Directions for this task => Below are entries; copy exactly, and only, the lines from the one containing "2 Bedroom Property" through their final line, leaving out pictures.

Provided information =>
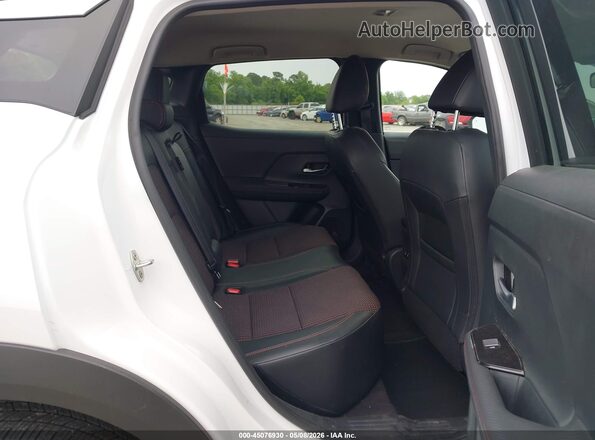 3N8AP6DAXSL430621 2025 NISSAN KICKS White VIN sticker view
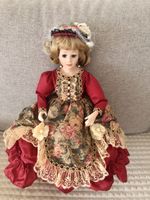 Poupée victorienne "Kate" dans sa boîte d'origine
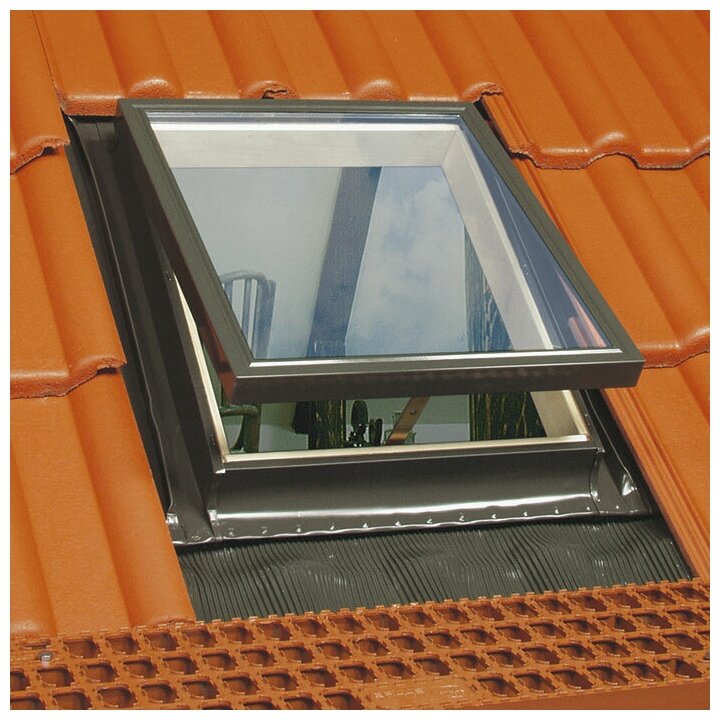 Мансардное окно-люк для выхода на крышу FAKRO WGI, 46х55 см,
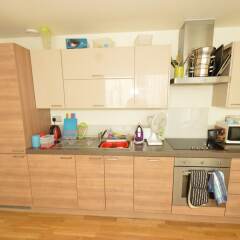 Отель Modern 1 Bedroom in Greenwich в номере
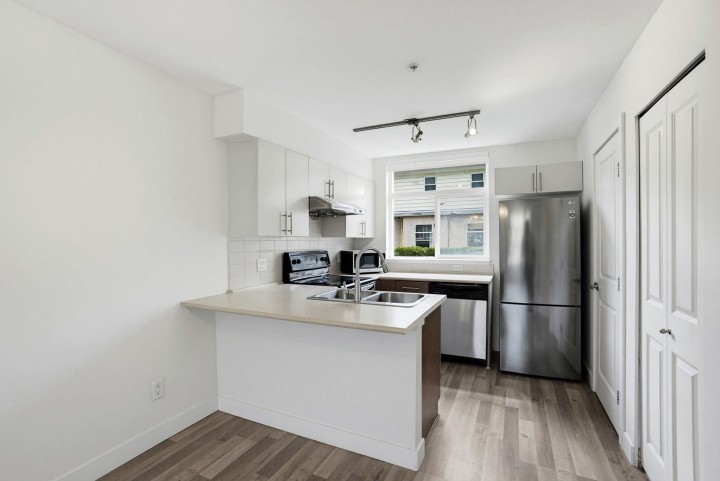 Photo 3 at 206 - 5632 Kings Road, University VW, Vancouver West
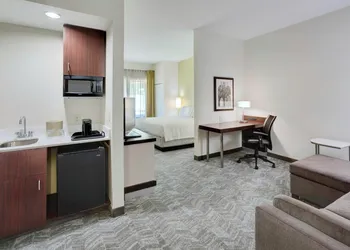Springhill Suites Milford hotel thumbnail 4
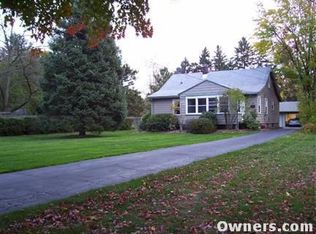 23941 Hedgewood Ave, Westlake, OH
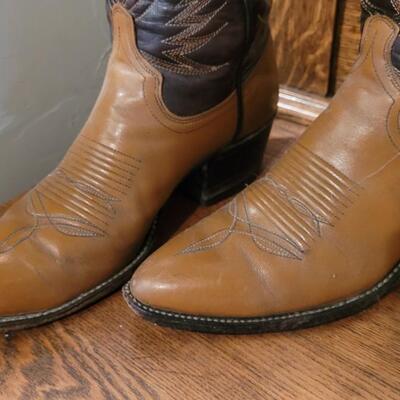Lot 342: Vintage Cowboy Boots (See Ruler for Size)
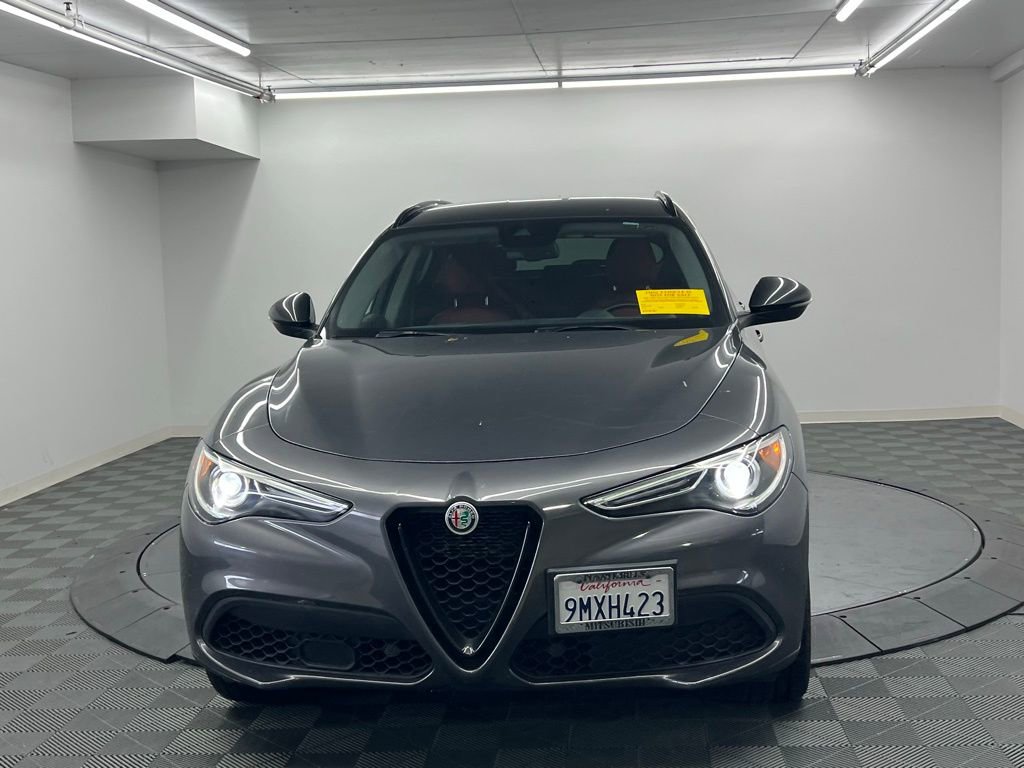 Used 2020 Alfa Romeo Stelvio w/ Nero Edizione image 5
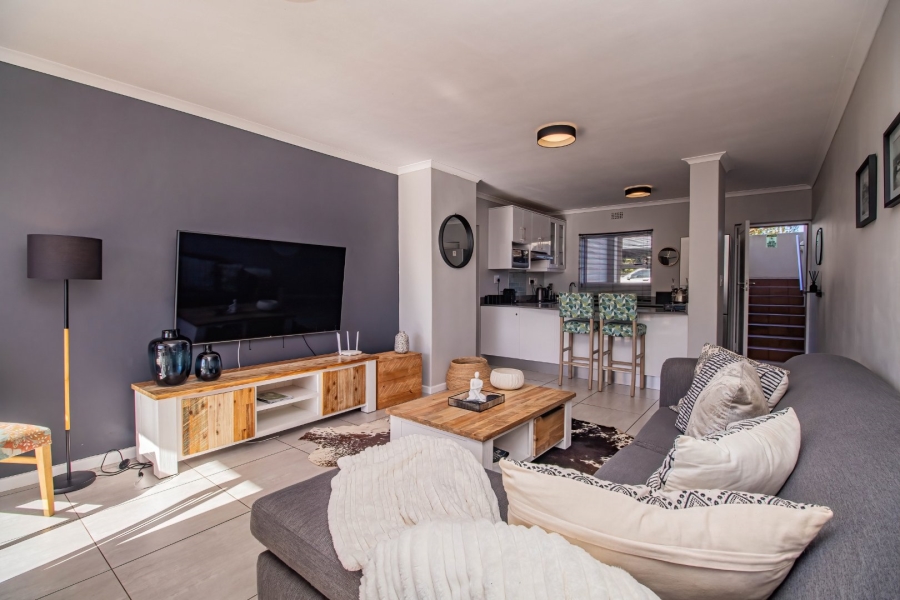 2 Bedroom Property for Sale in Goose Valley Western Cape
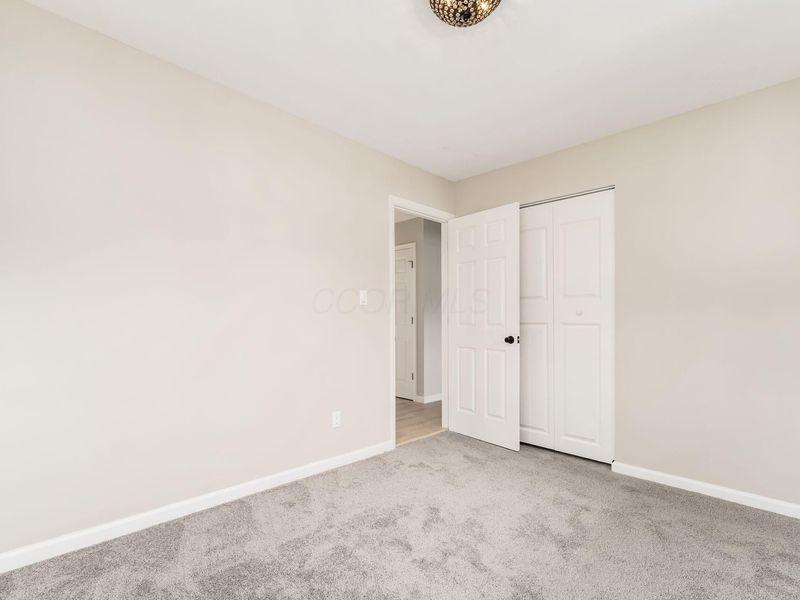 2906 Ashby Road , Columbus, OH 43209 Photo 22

Task result =>
 2 Bedroom Property for Sale in Goose Valley Western Cape
 2906 Ashby Road , Columbus, OH 43209 Photo 22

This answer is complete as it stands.